Paper Accepted at ECRTS 2017
Our paper “Mixed-criticality Scheduling with Dynamic Redistribution of Shared Cache” has been accepted at ECRTS 2017, marking the end of yet another succesful collaboration with my former colleagues at CISTER. The paper proposes an extension of Vestal’s model for mixed-criticality multi-core systems that 1) accounts for the per-task partitioning of the last-level cache, and 2) supports dynamic reassignment of cache portions initially reserved for lower-criticality tasks to the higher-criticality tasks when switching to high-criticality mode. A schedulability analysis based on partitioned EDF is presented that is aware of the cache resources assigned to each task and leverages the dynamic reconfiguration to improve schedulability. We also propose heuristics for partitioning the cache in low- and high-criticality mode.

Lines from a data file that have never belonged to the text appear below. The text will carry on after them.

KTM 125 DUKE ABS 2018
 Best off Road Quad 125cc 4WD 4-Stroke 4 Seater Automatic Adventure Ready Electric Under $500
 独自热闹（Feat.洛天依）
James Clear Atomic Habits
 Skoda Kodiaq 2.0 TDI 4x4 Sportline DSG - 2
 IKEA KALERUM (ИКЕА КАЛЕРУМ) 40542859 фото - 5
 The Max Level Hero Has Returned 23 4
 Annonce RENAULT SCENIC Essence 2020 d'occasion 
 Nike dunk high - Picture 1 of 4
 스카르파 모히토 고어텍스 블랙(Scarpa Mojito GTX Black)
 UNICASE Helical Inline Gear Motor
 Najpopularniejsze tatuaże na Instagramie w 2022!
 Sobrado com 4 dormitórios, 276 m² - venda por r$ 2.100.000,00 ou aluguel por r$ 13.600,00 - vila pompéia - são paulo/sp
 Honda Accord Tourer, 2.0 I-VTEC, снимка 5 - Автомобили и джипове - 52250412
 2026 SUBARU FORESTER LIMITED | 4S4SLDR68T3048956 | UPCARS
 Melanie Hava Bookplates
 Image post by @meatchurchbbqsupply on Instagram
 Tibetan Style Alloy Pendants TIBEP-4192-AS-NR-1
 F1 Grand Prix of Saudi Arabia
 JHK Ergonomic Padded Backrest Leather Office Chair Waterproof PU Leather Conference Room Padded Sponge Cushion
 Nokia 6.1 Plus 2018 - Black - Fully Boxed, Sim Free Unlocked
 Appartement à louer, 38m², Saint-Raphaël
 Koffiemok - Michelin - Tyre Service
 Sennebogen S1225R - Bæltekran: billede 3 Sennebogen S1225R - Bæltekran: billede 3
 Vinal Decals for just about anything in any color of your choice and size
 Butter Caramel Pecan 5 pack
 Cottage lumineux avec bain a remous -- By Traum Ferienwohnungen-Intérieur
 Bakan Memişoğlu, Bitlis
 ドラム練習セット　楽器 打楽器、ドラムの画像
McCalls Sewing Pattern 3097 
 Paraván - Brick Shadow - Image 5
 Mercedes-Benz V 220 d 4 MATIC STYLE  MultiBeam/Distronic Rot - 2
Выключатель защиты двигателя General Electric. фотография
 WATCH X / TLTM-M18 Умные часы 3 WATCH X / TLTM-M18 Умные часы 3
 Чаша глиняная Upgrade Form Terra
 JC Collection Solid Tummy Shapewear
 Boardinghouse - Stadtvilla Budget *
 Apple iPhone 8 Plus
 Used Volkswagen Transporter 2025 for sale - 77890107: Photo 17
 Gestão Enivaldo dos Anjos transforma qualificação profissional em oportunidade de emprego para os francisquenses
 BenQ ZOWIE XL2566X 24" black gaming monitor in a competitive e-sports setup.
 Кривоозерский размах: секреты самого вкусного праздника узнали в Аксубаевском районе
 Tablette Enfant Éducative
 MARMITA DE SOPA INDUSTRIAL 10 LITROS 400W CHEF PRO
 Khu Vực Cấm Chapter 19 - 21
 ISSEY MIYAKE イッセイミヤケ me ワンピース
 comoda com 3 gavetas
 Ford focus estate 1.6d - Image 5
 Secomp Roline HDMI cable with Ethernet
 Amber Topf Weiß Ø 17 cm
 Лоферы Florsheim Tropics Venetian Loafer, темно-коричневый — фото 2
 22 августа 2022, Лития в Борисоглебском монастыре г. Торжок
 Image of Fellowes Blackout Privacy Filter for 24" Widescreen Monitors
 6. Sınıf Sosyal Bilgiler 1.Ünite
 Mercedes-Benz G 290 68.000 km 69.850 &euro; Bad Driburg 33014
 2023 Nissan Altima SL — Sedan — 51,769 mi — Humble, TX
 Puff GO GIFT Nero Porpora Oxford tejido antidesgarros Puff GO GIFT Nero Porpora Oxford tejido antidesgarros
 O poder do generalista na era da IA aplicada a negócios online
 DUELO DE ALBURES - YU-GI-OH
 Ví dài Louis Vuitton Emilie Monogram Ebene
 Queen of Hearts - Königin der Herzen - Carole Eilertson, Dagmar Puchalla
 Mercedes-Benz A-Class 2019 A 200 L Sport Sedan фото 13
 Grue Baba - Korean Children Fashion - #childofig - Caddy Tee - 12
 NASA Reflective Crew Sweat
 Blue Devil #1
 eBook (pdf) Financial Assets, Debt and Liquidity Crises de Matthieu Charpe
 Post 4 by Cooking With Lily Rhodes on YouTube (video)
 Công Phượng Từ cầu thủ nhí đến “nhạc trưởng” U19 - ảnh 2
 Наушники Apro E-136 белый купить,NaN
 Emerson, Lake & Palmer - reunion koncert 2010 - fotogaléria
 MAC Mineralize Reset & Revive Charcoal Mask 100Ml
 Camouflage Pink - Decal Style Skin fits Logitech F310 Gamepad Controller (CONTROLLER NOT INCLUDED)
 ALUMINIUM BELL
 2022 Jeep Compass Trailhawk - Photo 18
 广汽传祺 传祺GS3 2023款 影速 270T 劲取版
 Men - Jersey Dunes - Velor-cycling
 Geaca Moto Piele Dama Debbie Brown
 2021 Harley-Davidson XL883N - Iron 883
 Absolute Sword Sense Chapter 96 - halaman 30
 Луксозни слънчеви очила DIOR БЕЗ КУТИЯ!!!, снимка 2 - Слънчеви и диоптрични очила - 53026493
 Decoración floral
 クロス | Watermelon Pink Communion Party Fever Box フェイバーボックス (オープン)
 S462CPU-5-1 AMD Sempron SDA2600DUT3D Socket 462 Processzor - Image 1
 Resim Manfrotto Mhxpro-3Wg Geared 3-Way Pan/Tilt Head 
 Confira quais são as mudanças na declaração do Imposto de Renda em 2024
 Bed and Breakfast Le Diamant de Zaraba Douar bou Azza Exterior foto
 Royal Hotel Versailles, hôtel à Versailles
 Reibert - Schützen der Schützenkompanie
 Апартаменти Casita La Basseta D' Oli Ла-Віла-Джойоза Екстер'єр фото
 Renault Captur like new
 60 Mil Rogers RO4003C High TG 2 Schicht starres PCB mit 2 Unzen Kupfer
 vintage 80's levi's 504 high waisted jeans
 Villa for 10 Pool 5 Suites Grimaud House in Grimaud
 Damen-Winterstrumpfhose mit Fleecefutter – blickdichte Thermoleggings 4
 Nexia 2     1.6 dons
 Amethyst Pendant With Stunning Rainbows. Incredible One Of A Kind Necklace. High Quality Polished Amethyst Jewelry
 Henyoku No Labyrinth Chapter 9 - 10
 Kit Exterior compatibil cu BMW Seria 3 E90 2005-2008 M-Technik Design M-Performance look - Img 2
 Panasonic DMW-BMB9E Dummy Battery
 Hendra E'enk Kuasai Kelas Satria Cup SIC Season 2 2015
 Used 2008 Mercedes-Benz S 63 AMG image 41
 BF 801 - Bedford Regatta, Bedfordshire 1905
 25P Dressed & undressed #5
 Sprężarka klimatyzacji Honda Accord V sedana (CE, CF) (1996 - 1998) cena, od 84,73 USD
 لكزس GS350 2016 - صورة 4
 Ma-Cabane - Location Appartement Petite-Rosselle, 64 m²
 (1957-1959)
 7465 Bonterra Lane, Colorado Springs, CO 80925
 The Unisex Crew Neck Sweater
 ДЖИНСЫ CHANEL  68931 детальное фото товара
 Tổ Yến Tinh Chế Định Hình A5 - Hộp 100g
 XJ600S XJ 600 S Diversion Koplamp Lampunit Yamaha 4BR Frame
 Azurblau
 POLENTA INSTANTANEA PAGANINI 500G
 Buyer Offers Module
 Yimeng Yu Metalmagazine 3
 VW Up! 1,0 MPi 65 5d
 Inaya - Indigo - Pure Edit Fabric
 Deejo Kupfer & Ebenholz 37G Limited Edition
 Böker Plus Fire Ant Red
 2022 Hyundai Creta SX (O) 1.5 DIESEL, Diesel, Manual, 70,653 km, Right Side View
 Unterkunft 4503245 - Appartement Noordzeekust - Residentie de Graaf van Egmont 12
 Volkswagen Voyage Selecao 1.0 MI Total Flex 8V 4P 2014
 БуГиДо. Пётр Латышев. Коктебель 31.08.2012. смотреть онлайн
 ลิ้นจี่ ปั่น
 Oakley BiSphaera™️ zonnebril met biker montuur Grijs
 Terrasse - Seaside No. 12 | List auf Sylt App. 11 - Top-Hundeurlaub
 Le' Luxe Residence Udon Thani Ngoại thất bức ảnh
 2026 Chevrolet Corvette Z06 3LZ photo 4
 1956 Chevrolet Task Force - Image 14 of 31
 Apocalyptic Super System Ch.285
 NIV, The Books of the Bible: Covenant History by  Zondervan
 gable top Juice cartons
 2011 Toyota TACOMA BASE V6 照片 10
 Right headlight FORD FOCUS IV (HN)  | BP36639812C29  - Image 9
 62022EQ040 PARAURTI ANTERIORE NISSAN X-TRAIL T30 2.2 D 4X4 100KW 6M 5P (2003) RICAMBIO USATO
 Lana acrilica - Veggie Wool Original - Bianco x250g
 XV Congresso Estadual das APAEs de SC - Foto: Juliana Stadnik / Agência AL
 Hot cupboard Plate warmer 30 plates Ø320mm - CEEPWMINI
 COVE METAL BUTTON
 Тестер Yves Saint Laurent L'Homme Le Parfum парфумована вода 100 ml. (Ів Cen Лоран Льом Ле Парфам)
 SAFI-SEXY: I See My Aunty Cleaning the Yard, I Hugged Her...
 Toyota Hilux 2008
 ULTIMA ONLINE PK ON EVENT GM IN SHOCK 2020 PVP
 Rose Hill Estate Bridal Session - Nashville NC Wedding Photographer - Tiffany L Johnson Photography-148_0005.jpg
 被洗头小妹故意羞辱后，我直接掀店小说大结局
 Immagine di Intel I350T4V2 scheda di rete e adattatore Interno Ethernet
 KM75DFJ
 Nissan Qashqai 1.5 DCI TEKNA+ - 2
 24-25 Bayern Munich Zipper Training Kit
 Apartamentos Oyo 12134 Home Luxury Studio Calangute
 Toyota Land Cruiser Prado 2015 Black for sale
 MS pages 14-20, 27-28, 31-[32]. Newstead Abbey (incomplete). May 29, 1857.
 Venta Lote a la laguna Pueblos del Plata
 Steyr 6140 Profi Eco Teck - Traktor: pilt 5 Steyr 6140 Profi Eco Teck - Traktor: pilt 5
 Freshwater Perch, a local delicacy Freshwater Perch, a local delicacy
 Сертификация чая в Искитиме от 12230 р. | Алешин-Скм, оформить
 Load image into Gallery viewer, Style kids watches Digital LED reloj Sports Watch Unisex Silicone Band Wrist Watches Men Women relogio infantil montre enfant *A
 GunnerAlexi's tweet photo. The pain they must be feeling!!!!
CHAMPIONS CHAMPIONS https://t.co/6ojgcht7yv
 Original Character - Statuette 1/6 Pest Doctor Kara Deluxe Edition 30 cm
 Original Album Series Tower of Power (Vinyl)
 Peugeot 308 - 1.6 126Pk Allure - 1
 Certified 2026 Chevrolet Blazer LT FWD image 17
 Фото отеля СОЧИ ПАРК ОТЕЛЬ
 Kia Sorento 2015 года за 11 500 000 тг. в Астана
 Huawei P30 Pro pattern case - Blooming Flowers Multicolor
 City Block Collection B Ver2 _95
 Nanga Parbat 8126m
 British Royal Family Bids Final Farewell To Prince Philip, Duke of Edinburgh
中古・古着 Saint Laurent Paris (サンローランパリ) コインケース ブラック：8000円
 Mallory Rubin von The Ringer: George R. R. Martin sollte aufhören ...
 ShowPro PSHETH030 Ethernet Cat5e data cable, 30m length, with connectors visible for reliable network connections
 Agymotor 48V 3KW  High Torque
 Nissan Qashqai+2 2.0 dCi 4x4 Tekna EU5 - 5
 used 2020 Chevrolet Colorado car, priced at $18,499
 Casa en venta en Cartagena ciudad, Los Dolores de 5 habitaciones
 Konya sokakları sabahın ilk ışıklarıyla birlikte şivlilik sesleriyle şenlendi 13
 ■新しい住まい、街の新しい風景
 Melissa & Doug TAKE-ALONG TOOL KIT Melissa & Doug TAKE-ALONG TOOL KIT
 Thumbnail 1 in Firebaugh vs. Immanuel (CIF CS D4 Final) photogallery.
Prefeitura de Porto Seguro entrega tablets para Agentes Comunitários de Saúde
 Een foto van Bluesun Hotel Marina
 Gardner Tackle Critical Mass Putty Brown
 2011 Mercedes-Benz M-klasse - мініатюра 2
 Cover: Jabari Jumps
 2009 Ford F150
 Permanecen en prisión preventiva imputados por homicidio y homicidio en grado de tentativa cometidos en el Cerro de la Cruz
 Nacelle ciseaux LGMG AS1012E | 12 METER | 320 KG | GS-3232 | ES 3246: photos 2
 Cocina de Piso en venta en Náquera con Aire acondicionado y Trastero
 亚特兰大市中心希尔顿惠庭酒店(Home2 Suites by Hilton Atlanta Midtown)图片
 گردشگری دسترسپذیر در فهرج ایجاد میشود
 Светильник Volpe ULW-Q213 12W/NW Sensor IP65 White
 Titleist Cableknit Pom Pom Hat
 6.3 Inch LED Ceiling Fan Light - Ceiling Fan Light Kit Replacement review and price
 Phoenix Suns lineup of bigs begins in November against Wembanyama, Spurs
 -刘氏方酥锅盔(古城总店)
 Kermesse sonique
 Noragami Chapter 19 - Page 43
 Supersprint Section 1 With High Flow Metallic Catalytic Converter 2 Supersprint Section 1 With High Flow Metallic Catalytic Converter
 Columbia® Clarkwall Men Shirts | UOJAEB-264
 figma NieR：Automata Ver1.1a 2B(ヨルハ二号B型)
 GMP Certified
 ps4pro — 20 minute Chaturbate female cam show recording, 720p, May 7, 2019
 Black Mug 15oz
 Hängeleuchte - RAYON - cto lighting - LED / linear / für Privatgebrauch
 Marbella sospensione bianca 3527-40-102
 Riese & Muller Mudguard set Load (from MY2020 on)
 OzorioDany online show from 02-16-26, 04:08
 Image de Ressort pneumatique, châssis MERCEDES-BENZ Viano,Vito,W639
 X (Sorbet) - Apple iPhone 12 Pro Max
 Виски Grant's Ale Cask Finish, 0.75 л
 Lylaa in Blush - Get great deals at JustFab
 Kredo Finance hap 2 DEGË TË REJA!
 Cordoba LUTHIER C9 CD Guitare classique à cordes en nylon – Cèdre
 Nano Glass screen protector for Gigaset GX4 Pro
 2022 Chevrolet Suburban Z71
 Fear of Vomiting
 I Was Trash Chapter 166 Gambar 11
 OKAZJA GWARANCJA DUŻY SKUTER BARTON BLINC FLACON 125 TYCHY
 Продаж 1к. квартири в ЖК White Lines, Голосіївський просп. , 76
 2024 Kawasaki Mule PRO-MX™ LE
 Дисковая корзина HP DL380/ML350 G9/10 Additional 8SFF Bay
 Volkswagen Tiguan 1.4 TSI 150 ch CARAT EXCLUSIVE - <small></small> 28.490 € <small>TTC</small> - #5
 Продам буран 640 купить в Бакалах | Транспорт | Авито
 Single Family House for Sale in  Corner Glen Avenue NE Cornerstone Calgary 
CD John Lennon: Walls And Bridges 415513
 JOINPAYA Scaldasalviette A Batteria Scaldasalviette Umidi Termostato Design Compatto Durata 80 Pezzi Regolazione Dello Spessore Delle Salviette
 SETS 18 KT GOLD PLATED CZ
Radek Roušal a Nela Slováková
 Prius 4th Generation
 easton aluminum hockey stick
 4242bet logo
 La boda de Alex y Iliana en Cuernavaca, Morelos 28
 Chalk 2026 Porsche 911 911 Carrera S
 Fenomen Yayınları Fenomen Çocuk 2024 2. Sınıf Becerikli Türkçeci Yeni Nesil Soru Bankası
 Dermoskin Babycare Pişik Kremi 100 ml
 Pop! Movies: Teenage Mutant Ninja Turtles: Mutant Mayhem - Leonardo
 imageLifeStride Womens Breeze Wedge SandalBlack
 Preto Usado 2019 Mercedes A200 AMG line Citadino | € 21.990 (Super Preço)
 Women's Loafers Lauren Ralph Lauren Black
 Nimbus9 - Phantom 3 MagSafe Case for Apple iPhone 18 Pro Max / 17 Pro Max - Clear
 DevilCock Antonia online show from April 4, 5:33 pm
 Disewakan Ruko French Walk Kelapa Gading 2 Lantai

Experimental result indicate tangible improvements in schedulability compared to a baseline cache-aware arrangement where there is no redistribution of cache resources from low- to high-criticality tasks in the event of a mode change.
Paper Accepted at RTAS
A paper entitled “Partitioning and Analysis of the Network-on-Chip on a COTS Many-Core Platform” was recently accepted for publication at RTAS. This paper was a collaboration with former colleagues at the CISTER Research Unit, as well as friends from MDH in Sweden. The paper addresses the issue of interference between applications in many-core platforms interconnected using rate-regulated Networks-on-Chip (NoC), such as the Kalray MPPA. The main contributions of the paper are 1) a partitioning strategy for reducing contention on the NoC, 2) an analysis technique to determine the Worst-Case Traversal Time of packages under the proposed strategy, and 3) a method to determine parameters for the NoCs rate regulators to get minimal WCTT and ensure that buffers never overflow. The benefits of the proposed approach is evaluated both using simulation and by experiments on a Kalray MPPA. Furthermore, an industrial case study from the automotive domain shows the tightness of the proposed analysis.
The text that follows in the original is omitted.